Question

A Tennis ball is released from a height h and after freely falling on a wooden floor it rebounds and reaches height $h/2$. The velocity versus height of the ball during its motion may be represented graphically by (graph are drawn schematically and not to scale)

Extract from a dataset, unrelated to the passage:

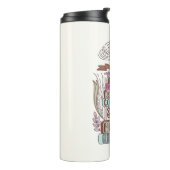 Boeken en koffie met persoonlijke titel thermosbeker (Gedraaid links)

• A. A closed loop starts at h, goes down to h/2, then up to the origin, and back to h. Arrows indicate the direction of the loop.
• B. Two straight lines form a triangle. One line goes from the origin to h/2 on the v-axis. The other line goes from the origin to h on the h-axis. Arrows indicate the direction of the lines.
• C. A curve starts at h, goes down to h/2, then up to the origin. An arrow indicates the direction of the curve.
• D. A curve starts at the origin, goes up to h/2, then down to h. An arrow indicates the direction of the curve.

Answer 1

Answer: (A)

Option (a)

Answer 2

A tennis ball is dropped from height $h$ so that during free fall the speed at any height $y$ (with $y=h$ initially and $y=0$ at the floor) is given by

$$v = -\sqrt{2g(h-y)}.$$

At the floor ($y=0$) its speed becomes

$$v = -\sqrt{2gh}.$$

After the bounce (assumed instantaneous) the ball rebounds with speed

$$\sqrt{2g\left(\tfrac{h}{2}\right)} = \sqrt{gh},$$

and on rising its speed at any height $y$ obeys

$$v = \sqrt{gh - 2gy},$$

reaching zero at $y=\tfrac{h}{2}$.

When we plot velocity $v$ (vertical axis) versus height $y$ (horizontal axis), note that:

• At $y=h$ the ball is at rest (point $(h,0)$).
• On its downward journey from $y=h$ to $y=0$, the velocity is uniquely determined by $v = -\sqrt{2g(h-y)}$.
• At the floor $(y=0)$ there are two distinct values: $v = -\sqrt{2gh}$ (just before impact) and $v = \sqrt{gh}$ (just after rebound).
• Finally, during the upward journey from $y=0$ to $y=\tfrac{h}{2}$, the velocity is $v = \sqrt{gh-2gy}$.

Thus, the complete motion in the $v$-$y$ plane traces a closed loop (taking into account the sudden change at the floor) with two distinct branches corresponding to the downward and upward motions.